For Trinity Sunday at St. Hilary’s Episcopal Church in Hesperia, in the desert above the Cajon Pass, we didn’t have a smidge of June gloom — just shining sun and faces as seven were confirmed or received in The Episcopal Church.

Along to preach and preside, my first Sunday visit to this lovely campus in five long years, I was the guest of the Rev. Jonathan Sy, whose deep, Christ-centered spirituality has struck a chord with his diverse congregation. Shouts of joy attended his announcement this morning that he planned to stay as priest in charge through the end of next year rather than step down this December.

Especially delighted was my chaplain for the day, Frank O’Kelley, Fr. Jon’s right-hand man around church. Pastor Connie Cravens conducted the full-voiced choir while accompanying them on her Fender American. She programmed a tasty mixture of contemporary and traditional selections.

It also turned out to be a big day in Frank’s family. His mother, Margot, died at Eastertide last year. Word was slow reaching Frank’s brother and sister-in-law, Tim and Virginia, in the Philippines. Learning they’d arrived in town this week, Fr. Jon quickly drew up a liturgy for scattering Margot’s ashes in the memorial garden nestled along the pretty church’s brilliant white walls.

St. Hilary’s has a long tradition of Bienvenido to members of the queer community. In their spiritual biographies, all seven of our confirmation and reception candidates mentioned this mission church’s broad understanding of Christ’s heart of justice and the plurality of those made in God’s image. Our gospel reading this morning, from Matthew, included the Great Commission. Before church, the candidates and I talked about St. Hilary’s both as a place of sanctuary as well as a base camp for going back into the world to model Episcopal values in a society in which so much work still needs to be done, with some in politics determined to claw back the progress that’s been made.

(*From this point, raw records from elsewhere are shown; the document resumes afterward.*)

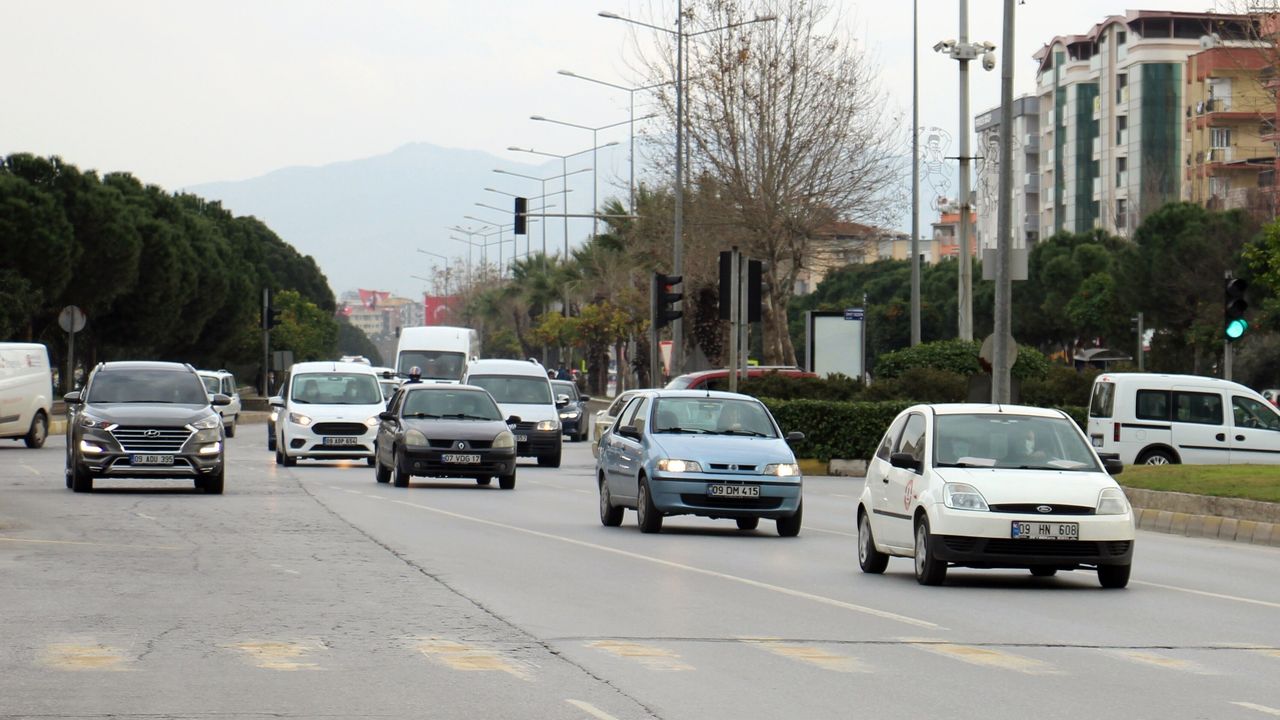 Aydın'da Motorlu Kara Taşıtları İstatistikleri açıklandı
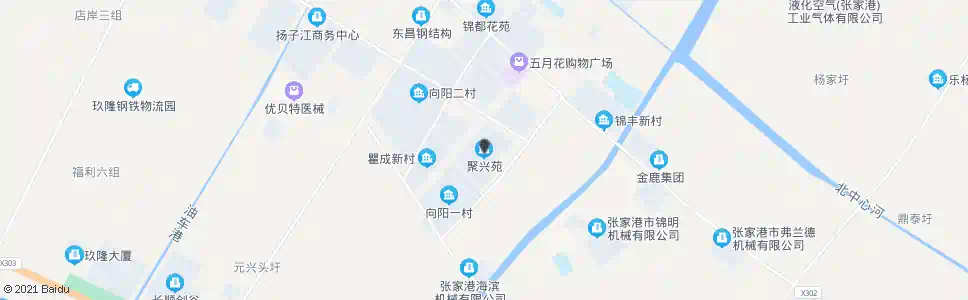 苏州聚鑫苑_公交站地图_苏州公交_妙搜公交查询2025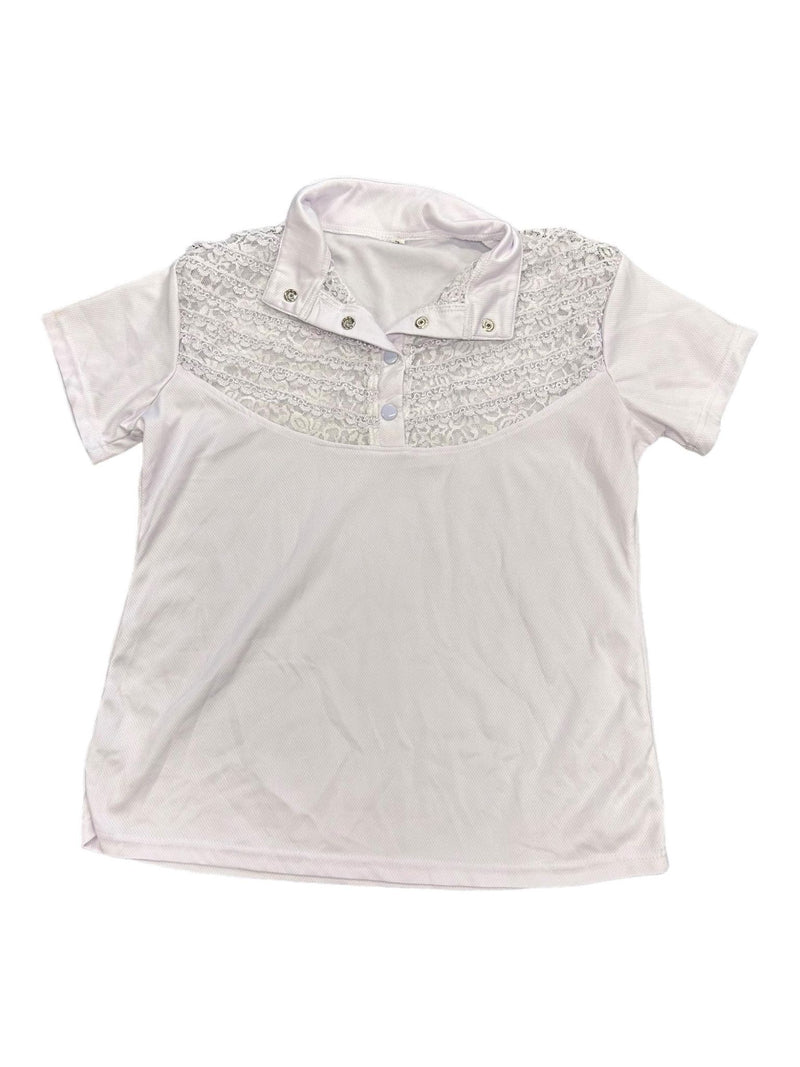 Unbranded Lace Show Shirt - White - L - USED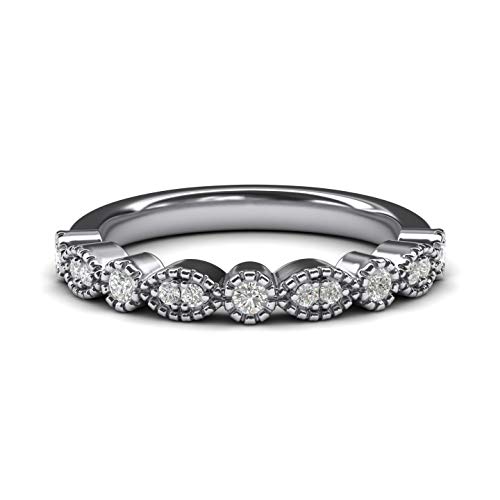 GSZCCZS Vintage-inspiriertes Milgrain-Marquise- und Punkt-Verlobungsring-Set mit simuliertem Diamant für Damen, passendes Ehering-Set von GSZCCZS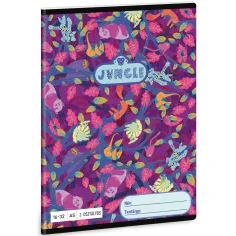 Ars Una: Jungle - Cuaderno de líneas con estampado de animales de la selva para 2º grado 32 hojas A/5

And yet we have so many blessings to count, thanks to those who worked so long and so hard for change in our church. A couple introduced me to their mother and mother-in-law, who visits each year from Nicaragua for six months and told me she wishes there were an Anglican church at home that would be as welcoming as St. Hilary’s to her daughter and daughter-in-law.

For a joyful reception after church, Fr. Jon had arranged for a roasted pig as his contribution to a lavish potluck, not to mention Filipino dancing, giving everyone a chance to work off lunch. St. Hilarians also serve thousands of hearty meals to food insecure neighbors each year. Coordinator Caron Budkowski organizes a Laundry Love every Thursday.

St. Hilary’s is also rich in socioeconomic diversity. Filmmaker Mario J. Novoa, received this morning (alongside his spouse, Will, the people’s warden, who was confirmed), has produced two public television documentaries about the the southern California queer community, including “Unidad,” the story of Gay and Lesbian Latinos Unidos, our region’s first major queer Latin@ organization.

Over lunch, I had a rich conversation about high desert housing insecurity with two longtime members who’d had their own brushes with it many years ago, one as a social worker and non-profit leader who’d had a job setback, the other from living in her van for five months. They’re now focused on helping others through hard times.

For me, the Holy Trinity is all about family and community, about God wanting no one to be alone — and today, Trinitarian values were on full display in the June gleam in people’s eyes and the festival smiles on their faces. St. Hilarians have got one another’s backs, and their neighbors’ as well.